Le soir venu, ils se livrent à un pas de deux, tout en souplesse aquatique et brasses romantiques, porté par l’adagio méditatif de Ravel. Elle se laisse attraper au vol d’une pirouette attitude, il la glisse hors de l’eau dans des portés pleins de douceur. L’alchimie du couple, habitué à danser ensemble, fonctionne bien. Dans le tableau final, le corps de ballet, loin de faire de la figuration, s’en donne à cœur joie autour du duo amoureux, épicentre frémissant d’un ballet tissé dans l’insouciance de l’été.
In the night, les émois amoureux vus par la danse
Dans le prolongement d’En sol, In the night, créé près de 15 ans plus tard en 1989, propose une ambiance beaucoup plus intimiste. Mais on retrouve les mêmes portés aériens, allongés jusqu’au bout des pointes, une fluide simplicité et une musicalité innée. Cette fois-ci, l’histoire très simple de trois couples à différents temps de la vie est racontée sur des Nocturnes de Frédéric Chopin, compositeur que Jérôme Robbins a régulièrement exploré – « je crois que [sa musique] m’a hanté toute ma vie » disait-il.

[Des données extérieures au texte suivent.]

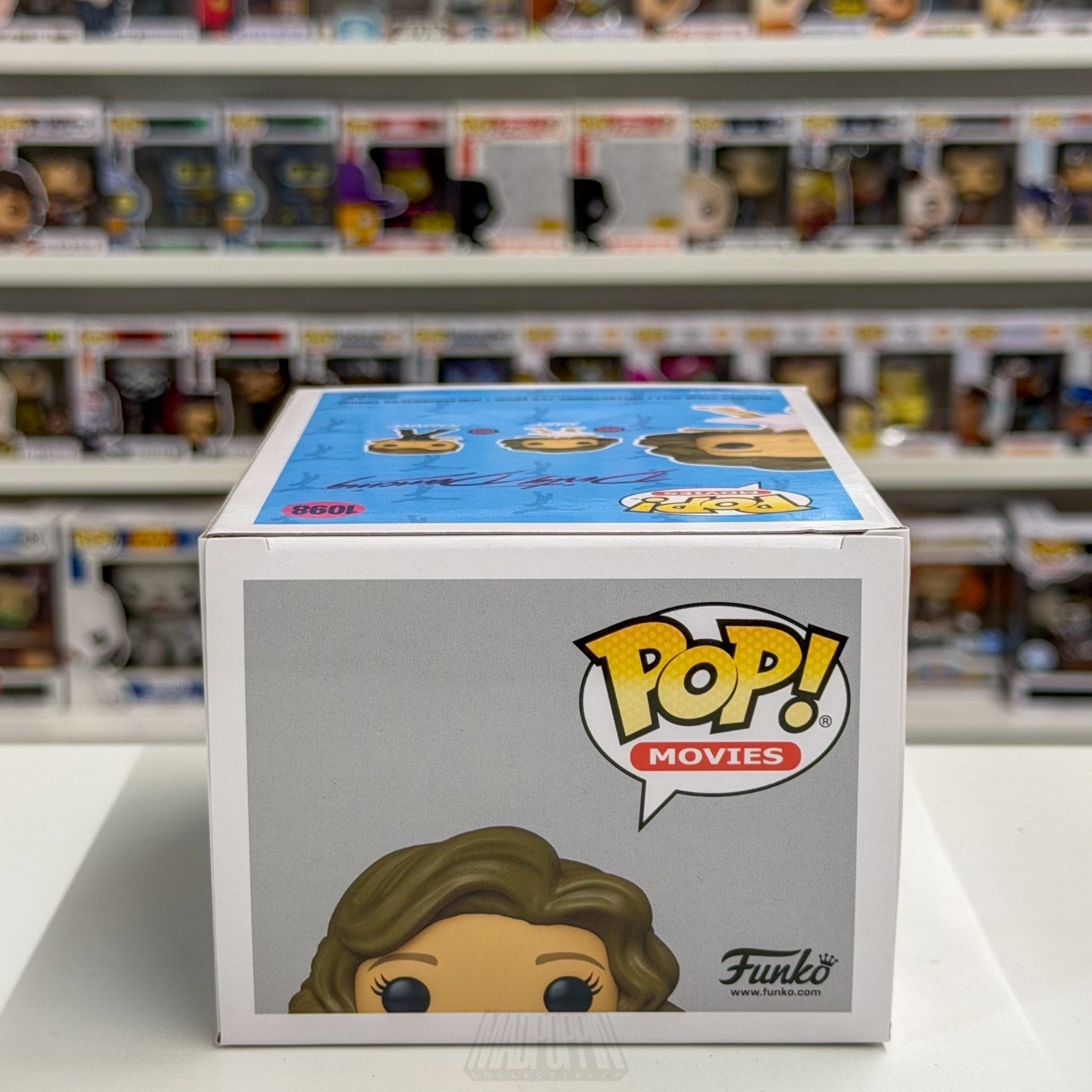 Funko Pop Movies Dirty Dancing Baby Talent Show 1098 Romantic Drama Vinyl Figure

Trois duos d’étoile incarnent tour à tour ces différents âges de l’amour : la tendresse juvénile (Myriam Ould-Braham et Paul Marque), la complicité d’un couple (Valentine Colasante et Marc Moreau), les orages d’une liaison mature (Dorothée Gilbert et Hugo Marchand). C’est de la belle danse, sans esbroufe, un peu nostalgique et infiniment poétique.
Se démarque en particulier le troisième pas de deux, celui qui recueille en général la préférence du public. Il faut dire que tous les ingrédients sont réunis : des portés de haute voltige, une musique à l’énergie sombre des jours de dispute, et surtout, deux artistes dont le partenariat sur la scène est au sommet. Pas besoin de mots pour comprendre l’histoire. Tout est dit dans l’accélération brusque d’une pirouette, l’élan fougueux d’un porté, les regards noirs, qui se cherchent quand même.
Quand le ballet vire à la parodie
Pointilleux et musical, Jérôme Robbins savait aussi faire rire. Et c’est ce qu’on constate à nouveau en 2023, à la redécouverte de son inclassable ballet The Concert, sous-titré « Ou les malheurs des gens », qui se moque comme personne des petits travers et ficelles kitschs du ballet, tout en croquant avec espièglerie des personnages stéréotypés dans une série de sketchs dansés, toujours sur des célèbres œuvres de Frédéric Chopin. Pour l’occasion, le piano est aussi sur scène.
Même la pianiste, derrière sa robe en velours noir des grands soirs, fait partie de la farce et joue les petites névroses et grands egos d’une concertiste. Une fois les poussières du clavier sentencieusement nettoyées et la prière aux muses, saints et dieux des arts accomplie, le concert peut commencer.
Arrivés au compte-goutte, les spectateurs se placent avec plus ou moins de discrétion et d’intérêt. Il y a le grand timide qui n’ose s’assoir nulle part, le couple bourgeois qui se dispute en catimini, les deux midinettes qui farfouillent dans leur sac à grand bruit, et la ballerine si éprise de musique qu’elle se colle au piano.
Les tableaux suivants montrent la rêverie des spectateurs, inspirés des titres officieux des partitions musicales, tels « valse minute », « prélude de la goutte d’eau », ou « ballade du papillon ». Dans le rôle de la grande romantique surjouant un cygne un peu trop lyrique, Hannah O’Neill est très à l’aise.
Une autre scène, durant laquelle six danseuses tentent de réaliser en harmonie une chorégraphie, est un petit bijou d’humour pour qui aime les ensembles au cordeau de la danse académique. Le chorégraphe n’a pas son pareil pour se moquer avec tendresse des figures emberlificotées dont le ballet raffole parfois. Il s’amuse, aussi, à parodier les mimétismes d’une société sous influence, comme lorsque les parapluies des danseurs s’ouvrent plus en fonction du regard des autres que de la météo.